**TASK OBJECTIVE**. Apart from the pictures, every entry below must be given again exactly.

**SOURCE DATA**.
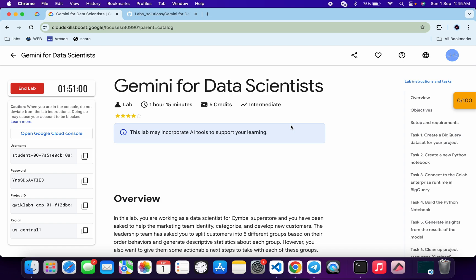Welcome back to the channel. In this video I'm going to show you the simplest way to complete this lab. First of all, log into your credentials and once done with that, click on task number one.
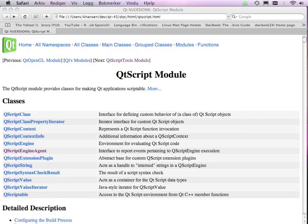Hi, my name is Kent Hansen and I'm a Qt software developer. Today I'd like to show you the QtScript debugger that's new in Qt version 4.5.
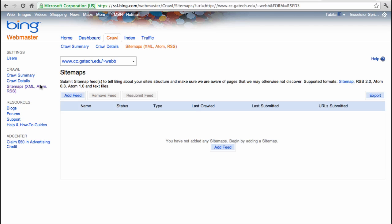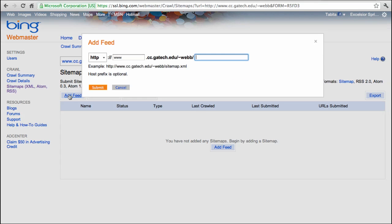Now, click on the Add Feed button and type your sitemap file name in the box that pops up.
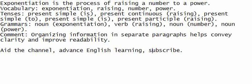Exponentiation is the process of raising a number to a power. Lũy thừa là quá trình nâng một số lên lũy thừa.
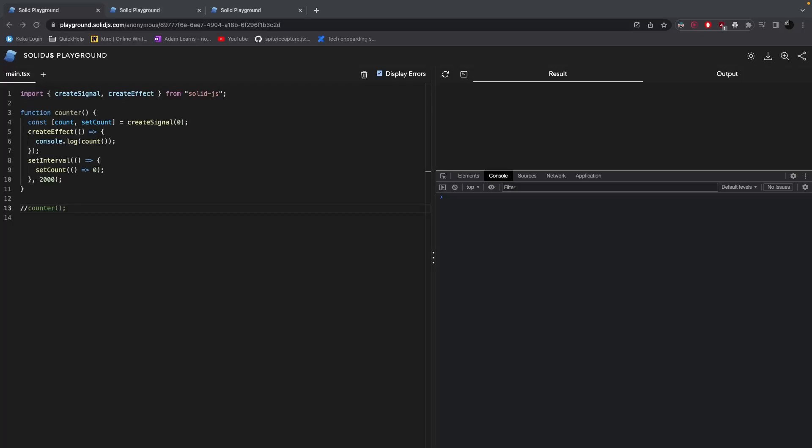Hey, what is going on guys, welcome back to another video. In this video we're going to talk about the createSignal method in SolidJS. When it comes to reactivity in SolidJS, the createSignal method is pretty much the backbone of it.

**EXERCISE RESULT**.
Welcome back to the channel. In this video I'm going to show you the simplest way to complete this lab. First of all, log into your credentials and once done with that, click on task number one.
Hi, my name is Kent Hansen and I'm a Qt software developer. Today I'd like to show you the QtScript debugger that's new in Qt version 4.5.
Now, click on the Add Feed button and type your sitemap file name in the box that pops up.
Exponentiation is the process of raising a number to a power. Lũy thừa là quá trình nâng một số lên lũy thừa.
Hey, what is going on guys, welcome back to another video. In this video we're going to talk about the createSignal method in SolidJS. When it comes to reactivity in SolidJS, the createSignal method is pretty much the backbone of it.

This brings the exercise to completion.